MATERIAL SHOWN:
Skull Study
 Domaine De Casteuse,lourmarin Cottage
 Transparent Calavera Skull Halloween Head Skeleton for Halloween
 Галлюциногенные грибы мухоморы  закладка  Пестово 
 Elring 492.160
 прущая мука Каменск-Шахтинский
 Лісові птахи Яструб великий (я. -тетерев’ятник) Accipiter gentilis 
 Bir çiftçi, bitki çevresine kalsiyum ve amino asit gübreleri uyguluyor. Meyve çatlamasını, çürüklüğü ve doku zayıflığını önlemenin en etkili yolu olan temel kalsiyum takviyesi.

YOUR OBJECTIVE:
Transcribe the records above exactly.

TASK SOLUTION:
Skull Study
 Domaine De Casteuse,lourmarin Cottage
 Transparent Calavera Skull Halloween Head Skeleton for Halloween
 Галлюциногенные грибы мухоморы  закладка  Пестово 
 Elring 492.160
 прущая мука Каменск-Шахтинский
 Лісові птахи Яструб великий (я. -тетерев’ятник) Accipiter gentilis 
 Bir çiftçi, bitki çevresine kalsiyum ve amino asit gübreleri uyguluyor. Meyve çatlamasını, çürüklüğü ve doku zayıflığını önlemenin en etkili yolu olan temel kalsiyum takviyesi.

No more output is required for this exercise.